• _Work order_
Everything from the line with "POE Wall Mount" to the final line of the entries is to be set down exactly, except the pictures.

• _Supplied data_
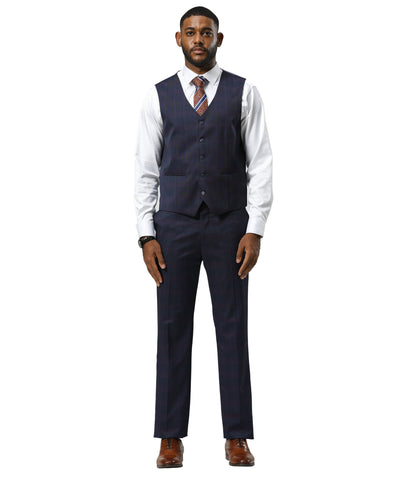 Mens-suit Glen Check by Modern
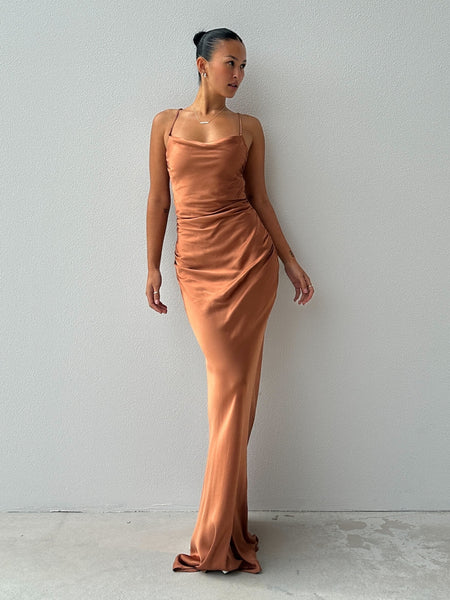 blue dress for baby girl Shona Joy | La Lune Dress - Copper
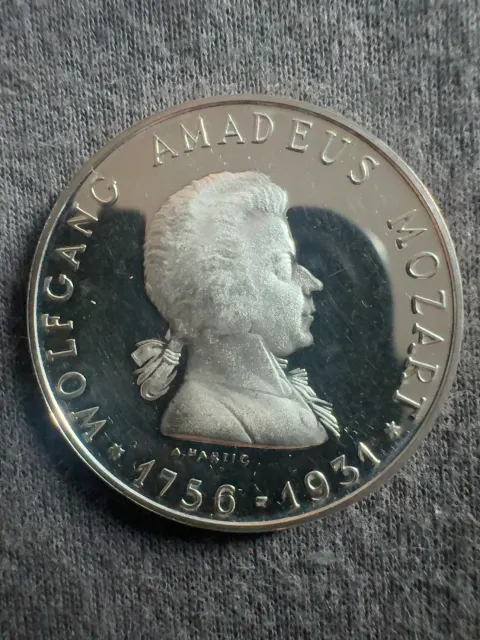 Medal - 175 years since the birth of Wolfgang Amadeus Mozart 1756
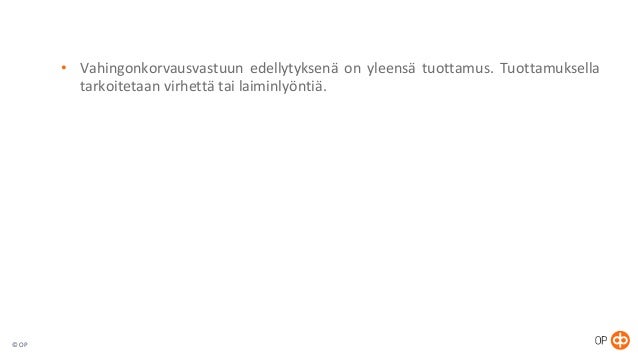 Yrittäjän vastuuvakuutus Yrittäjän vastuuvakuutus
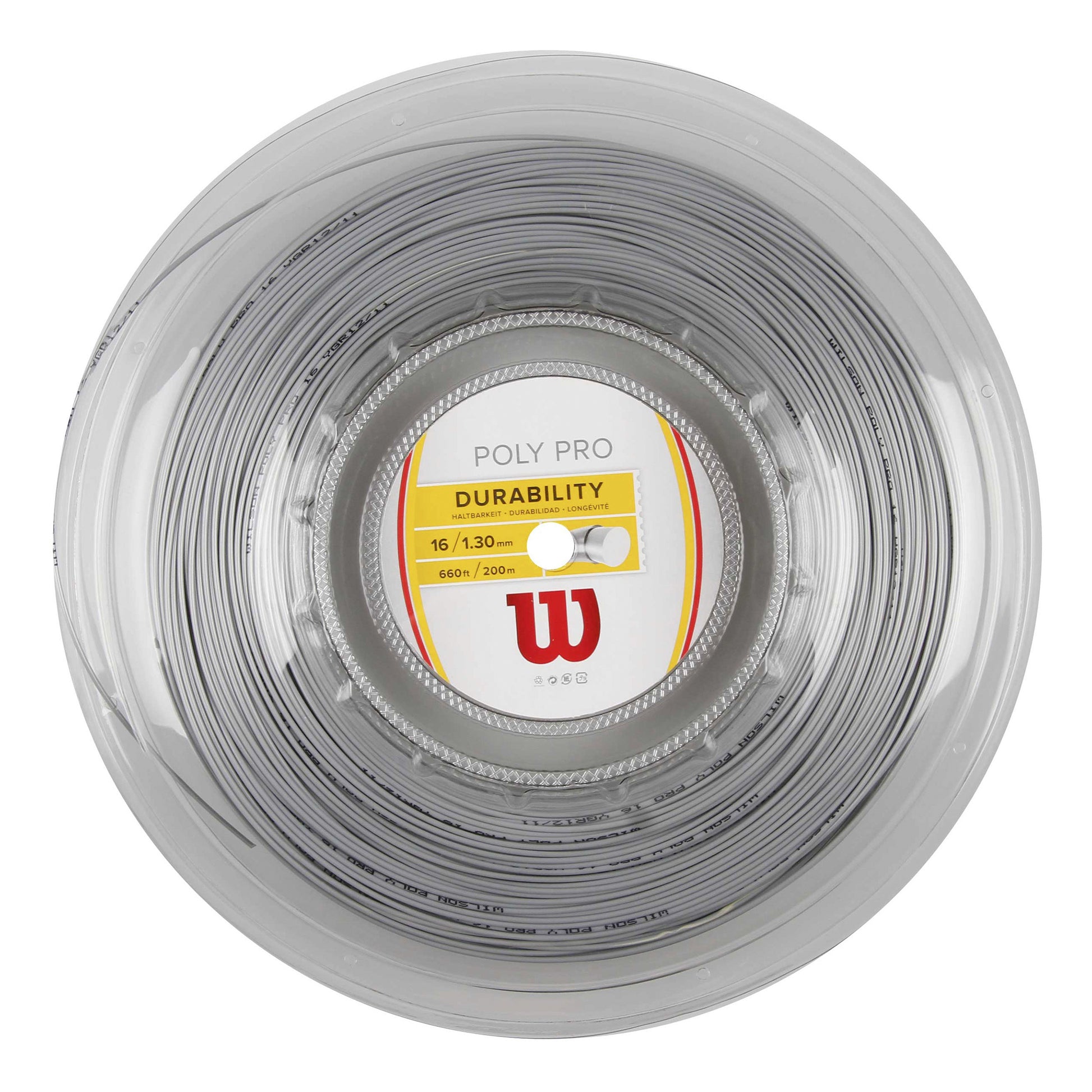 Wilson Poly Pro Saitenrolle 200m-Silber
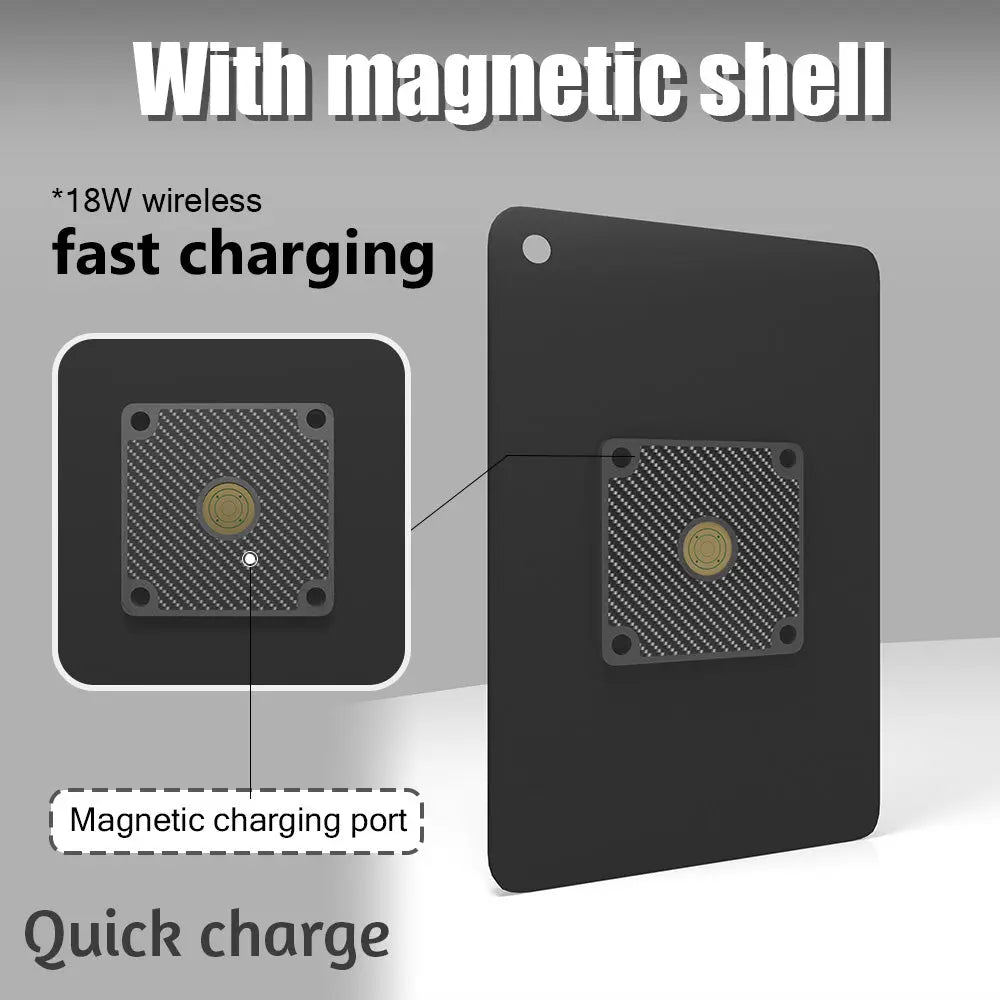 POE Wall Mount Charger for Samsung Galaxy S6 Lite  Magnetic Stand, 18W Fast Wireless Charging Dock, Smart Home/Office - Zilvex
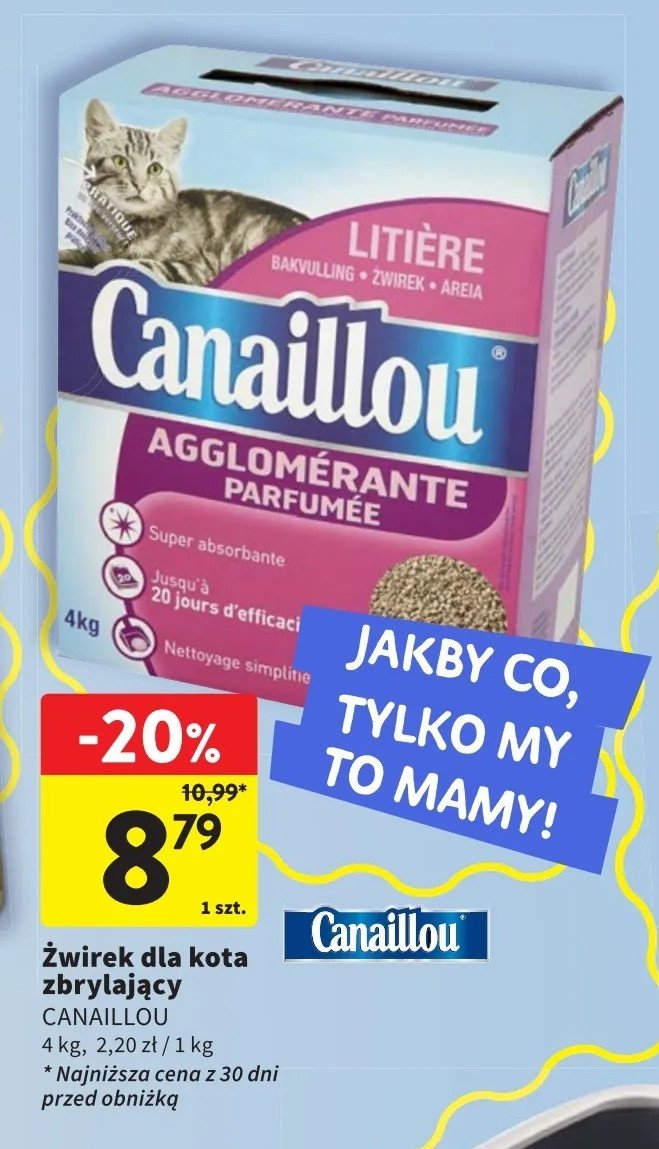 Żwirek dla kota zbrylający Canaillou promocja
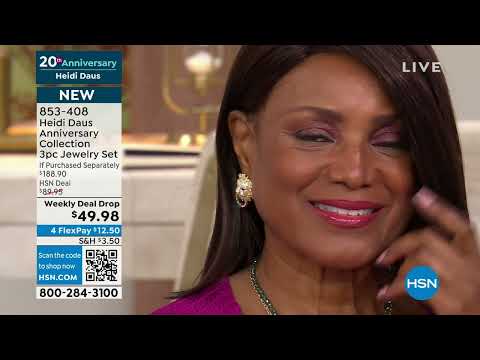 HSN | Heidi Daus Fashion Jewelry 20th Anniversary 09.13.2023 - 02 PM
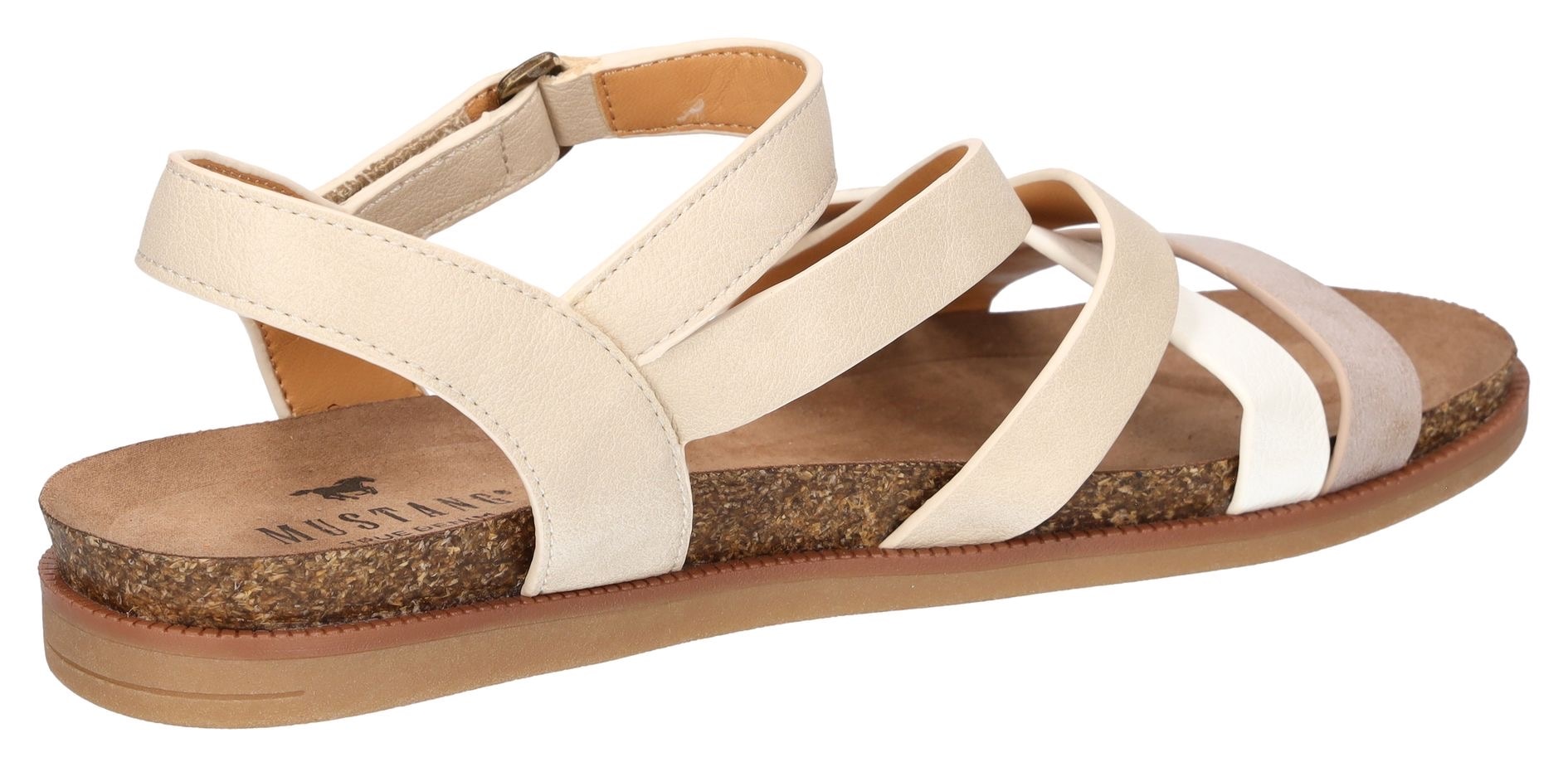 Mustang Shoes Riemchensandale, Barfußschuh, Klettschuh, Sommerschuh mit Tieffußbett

• _Solved problem_
 POE Wall Mount Charger for Samsung Galaxy S6 Lite  Magnetic Stand, 18W Fast Wireless Charging Dock, Smart Home/Office - Zilvex
 Żwirek dla kota zbrylający Canaillou promocja
 HSN | Heidi Daus Fashion Jewelry 20th Anniversary 09.13.2023 - 02 PM
 Mustang Shoes Riemchensandale, Barfußschuh, Klettschuh, Sommerschuh mit Tieffußbett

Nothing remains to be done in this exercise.